───── DATA RECORDS

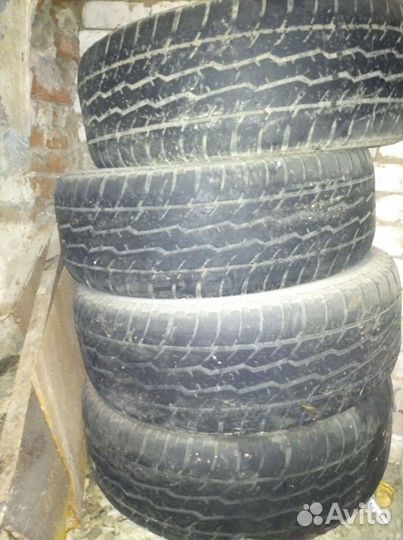 Bridgestone B250 235/65 R17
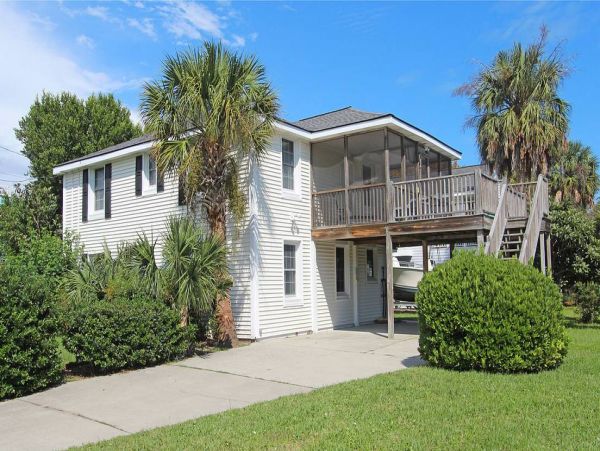 Isle Of Palms Home 1015172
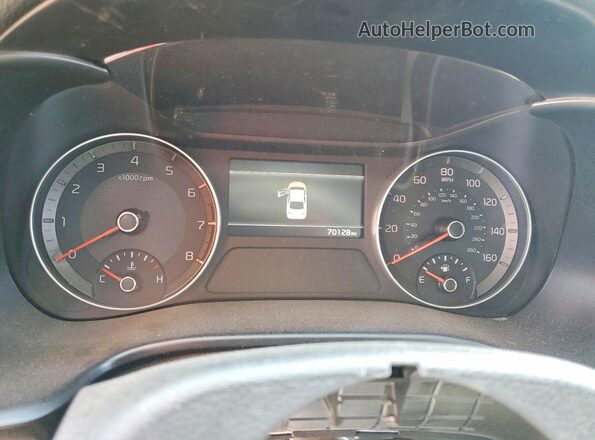 3KPF24AD4RE791747 2024 KIA FORTE Red Widok zestawu wskaźników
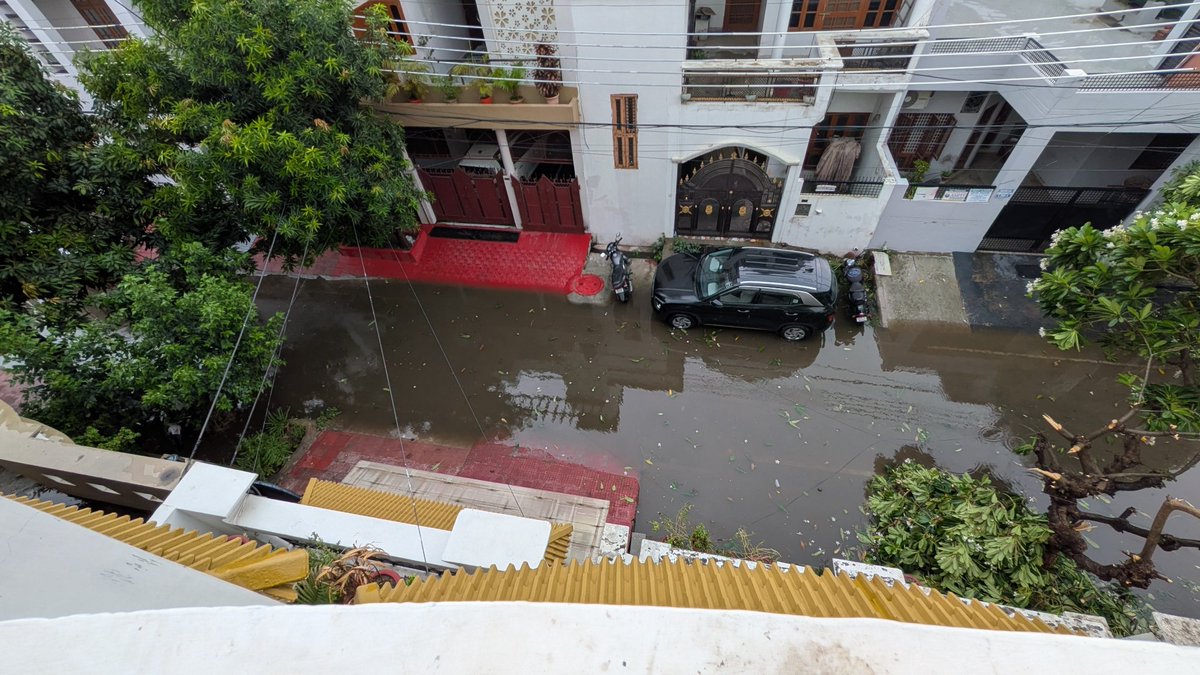 Poet_ca's tweet photo. So this is the reality of the water and sewer drainage system in Lucknow's posh locality - Gomti Nagar 

#Lucknow #LDA https://t.co/7hxajWiswr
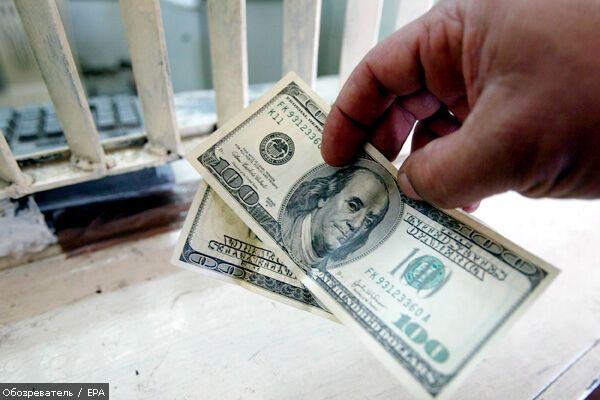 Через тиждень долар відновить свій авторитет?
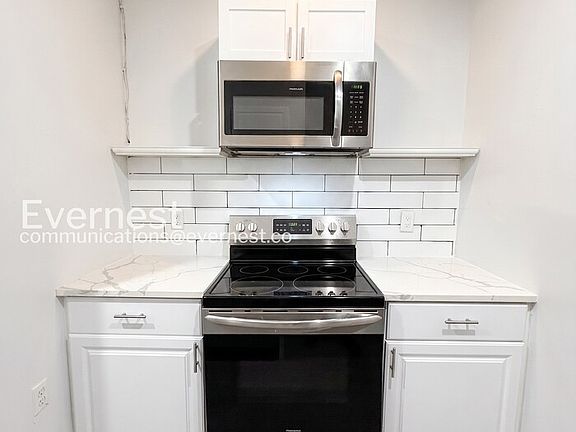 4th image of 2440 Callow Ave APT 3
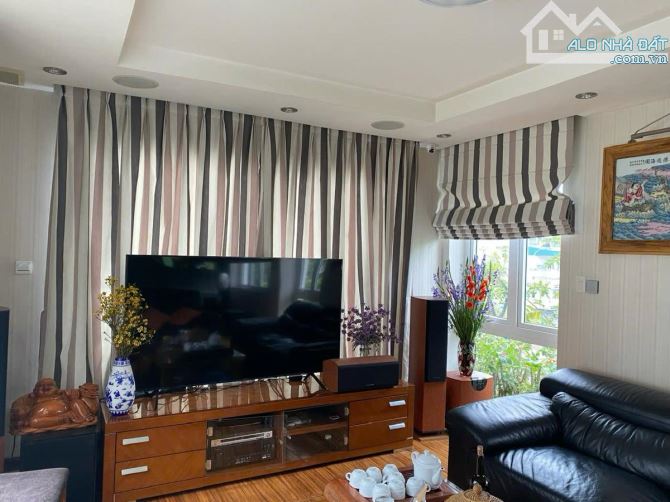 Biệt thự đáng sống Trần Thủ Độ 300m 4 tầng lô góc kinh doanh giá 115 tỷ.
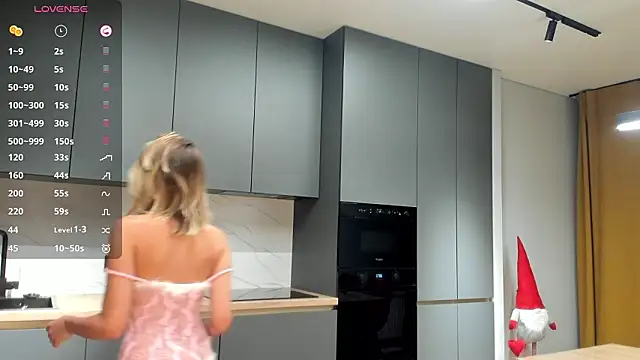 SaraShine  online show from 02-06-26, 09:07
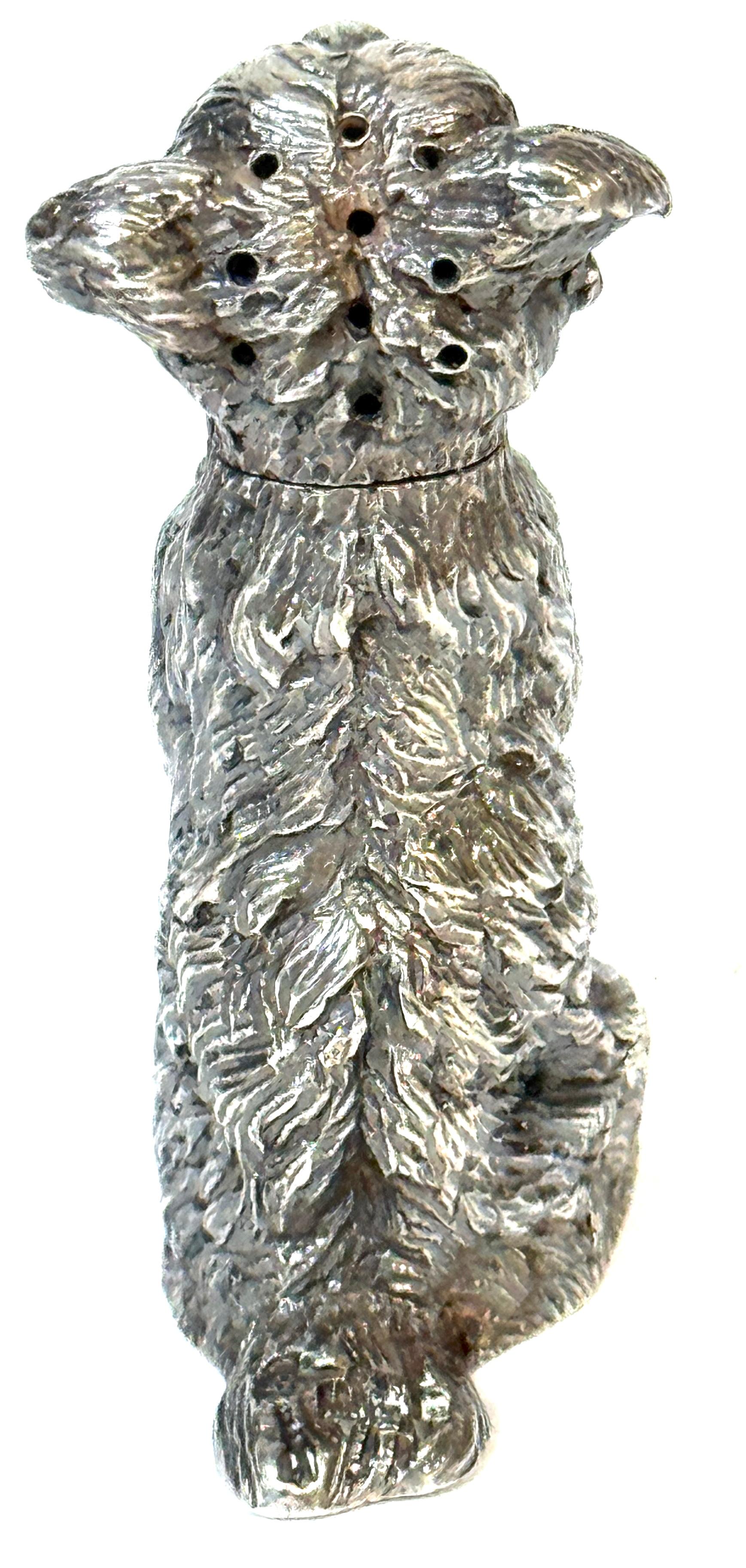 Paar Edwardian Sterling Terrier Salz & Pfeffer London, Jonathan Howell, 1906/1913 im Angebot 3
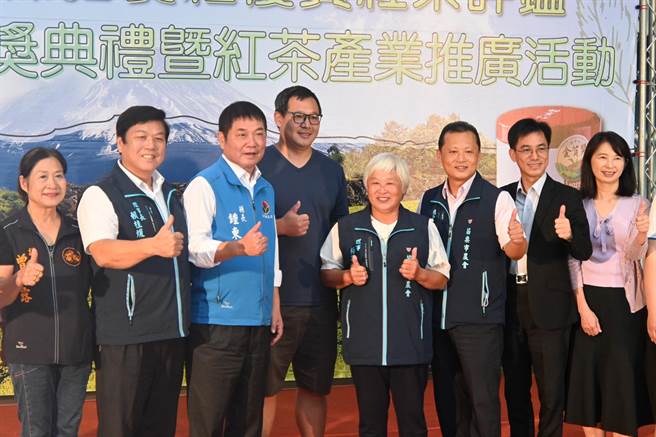 苗栗八甲茶园园主杨敏珠（右四）拿下特等奖，儿子邱俊魁（左四）也拿下头等一奖。（李京升摄）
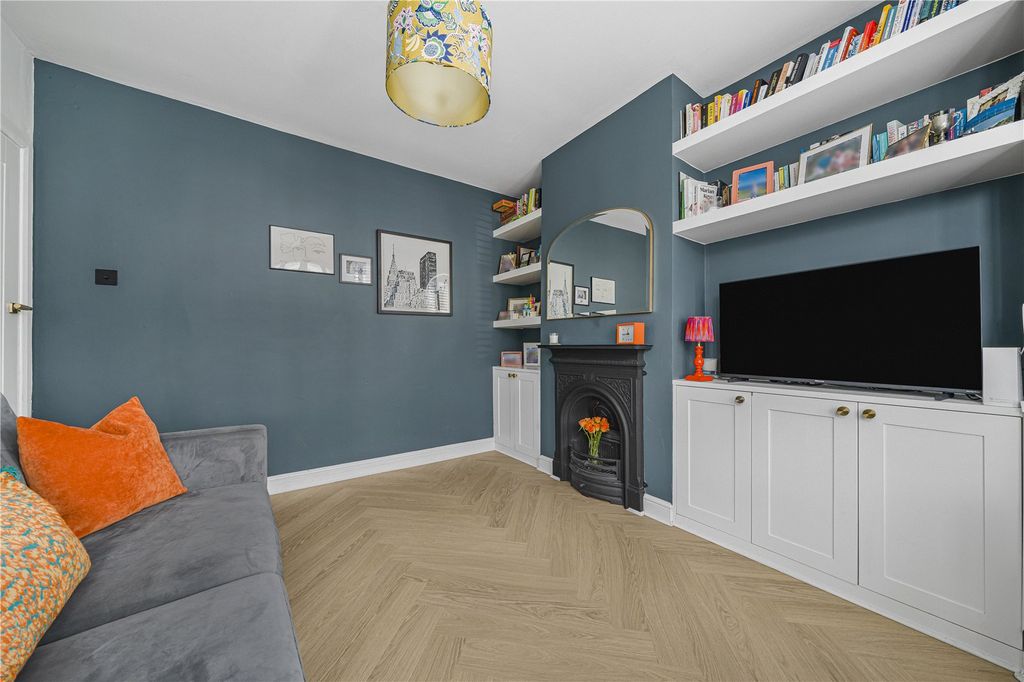 Property photo 3 of 17 Picture No. 04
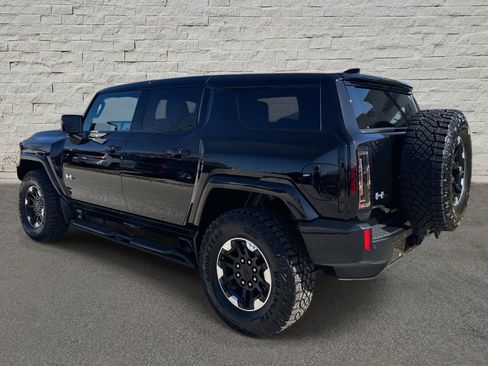 Used 2025 GMC Hummer EV 2X w/ Extreme Off-Road Package image 3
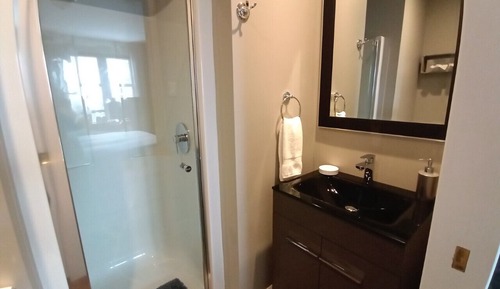 Standard Room, 1 Queen Bed, Private Bathroom (without terrace)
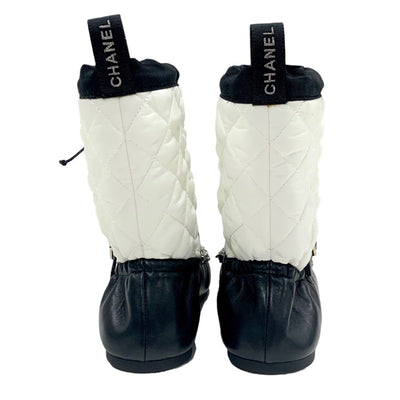 Chanel CHANEL boots, short boots, shoes, nylon leather, white, black, matelasse chain, belt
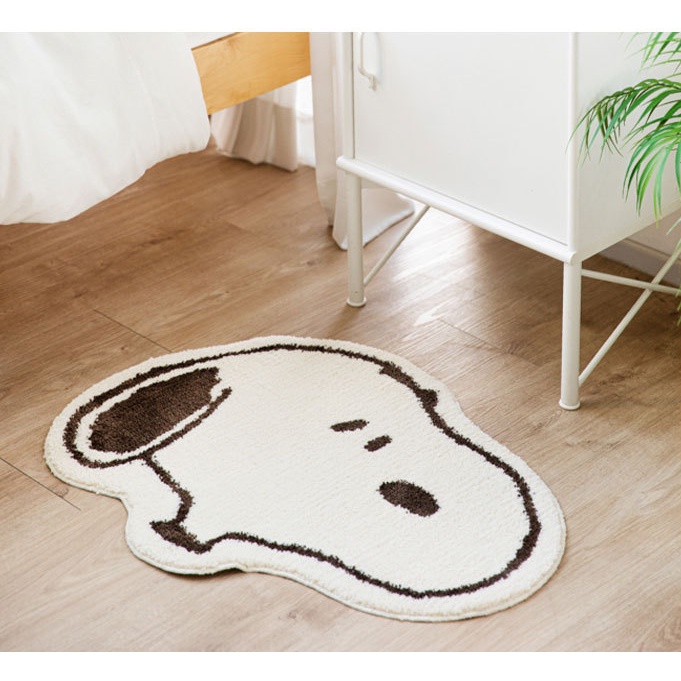 Thảm lót của chùi chân hình Snoopy Kích thước 53x66cm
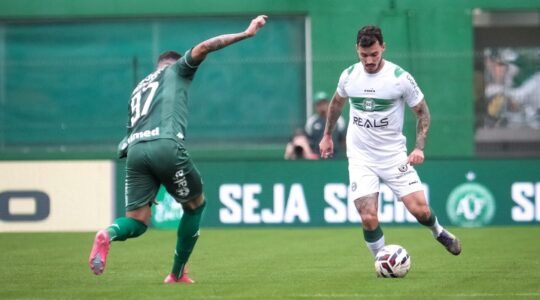 O lateral Zeca em Chapecoense x Coritiba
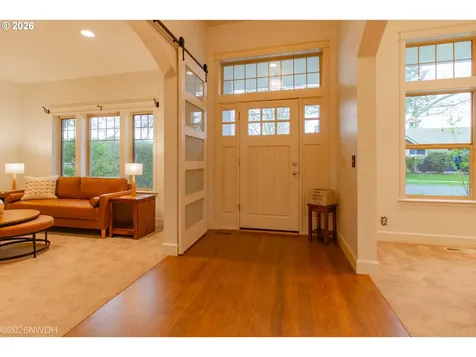 2225 Avengale Drive Eugene OR 97408
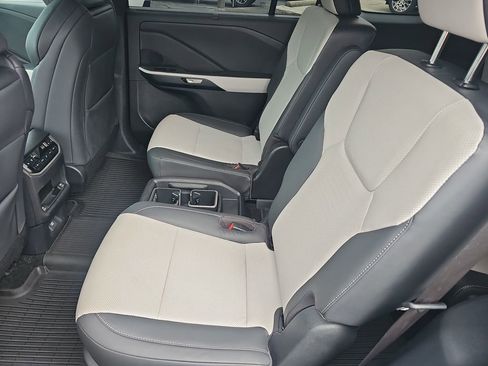 Used 2025 Lexus TX 500h AWD w/ Technology Package image 26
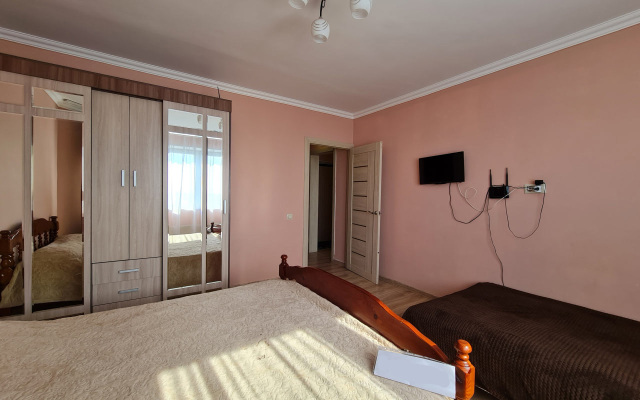 Na Ulitse Kuryzhova 30 Flat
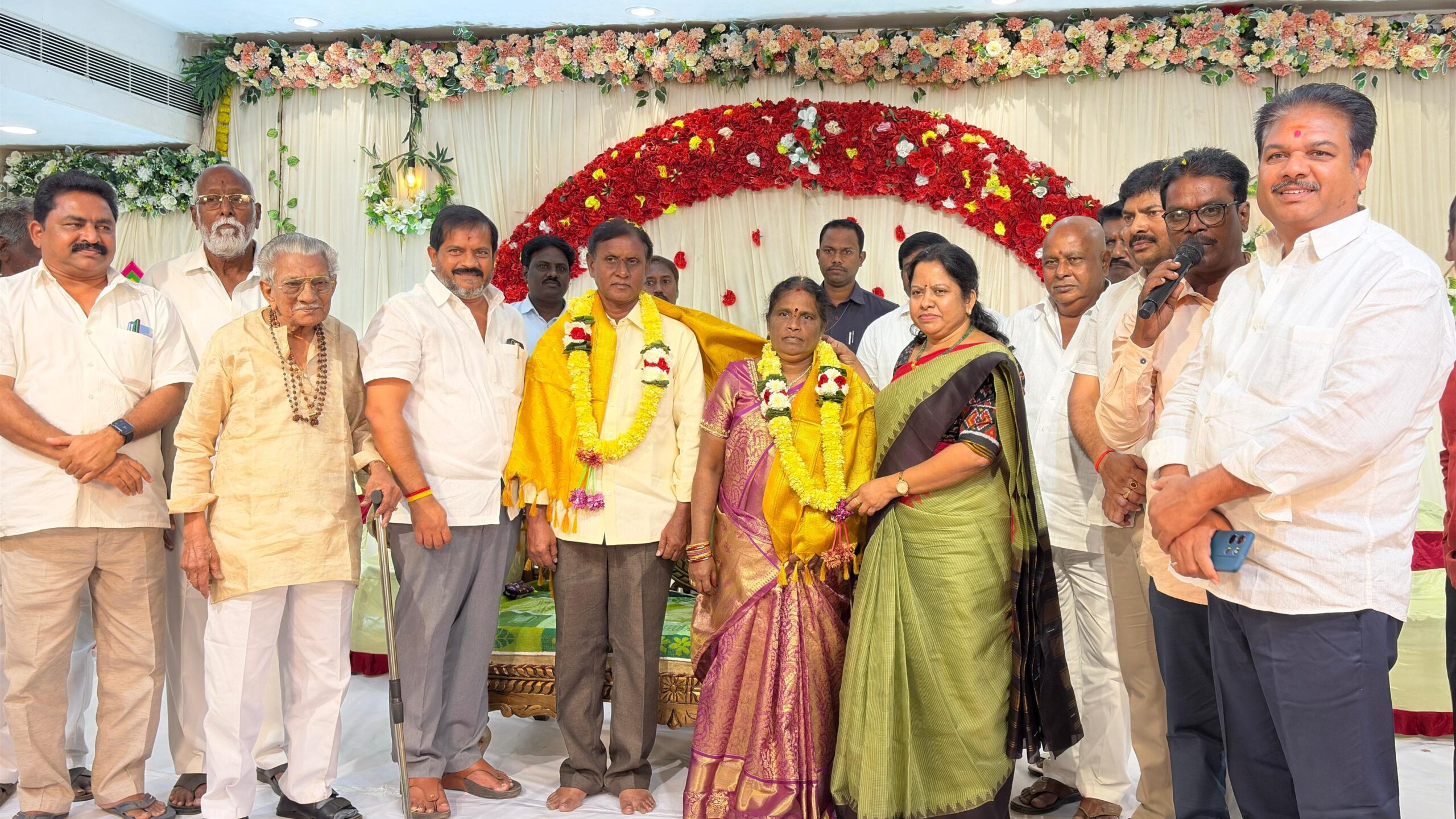 ఉపాధ్యాయ వృత్తి ఉన్నతమైనది.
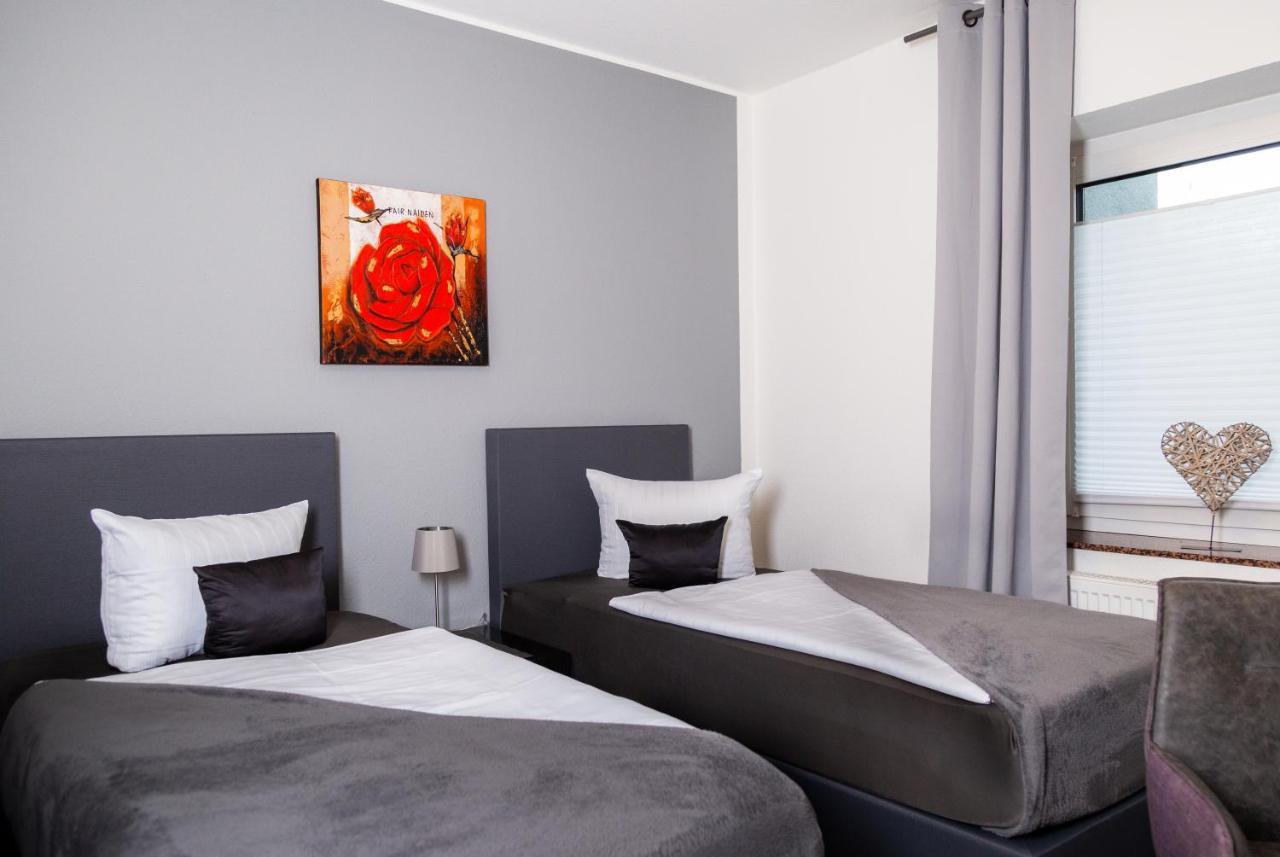 Aparthotel Менден Екстериор снимка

──────────

> TASK
No pictures go in the copy. Retype exactly the lines from the one with "Poet_ca's tweet photo." through the last line of the entries above, both included, and nothing more.

> RESULT OF THIS TASK
 Poet_ca's tweet photo. So this is the reality of the water and sewer drainage system in Lucknow's posh locality - Gomti Nagar 

#Lucknow #LDA https://t.co/7hxajWiswr
 Через тиждень долар відновить свій авторитет?
 4th image of 2440 Callow Ave APT 3
 Biệt thự đáng sống Trần Thủ Độ 300m 4 tầng lô góc kinh doanh giá 115 tỷ.
 SaraShine  online show from 02-06-26, 09:07
 Paar Edwardian Sterling Terrier Salz & Pfeffer London, Jonathan Howell, 1906/1913 im Angebot 3
 苗栗八甲茶园园主杨敏珠（右四）拿下特等奖，儿子邱俊魁（左四）也拿下头等一奖。（李京升摄）
 Property photo 3 of 17 Picture No. 04
 Used 2025 GMC Hummer EV 2X w/ Extreme Off-Road Package image 3
 Standard Room, 1 Queen Bed, Private Bathroom (without terrace)
 Chanel CHANEL boots, short boots, shoes, nylon leather, white, black, matelasse chain, belt
 Thảm lót của chùi chân hình Snoopy Kích thước 53x66cm
 O lateral Zeca em Chapecoense x Coritiba
 2225 Avengale Drive Eugene OR 97408
 Used 2025 Lexus TX 500h AWD w/ Technology Package image 26
 Na Ulitse Kuryzhova 30 Flat
 ఉపాధ్యాయ వృత్తి ఉన్నతమైనది.
 Aparthotel Менден Екстериор снимка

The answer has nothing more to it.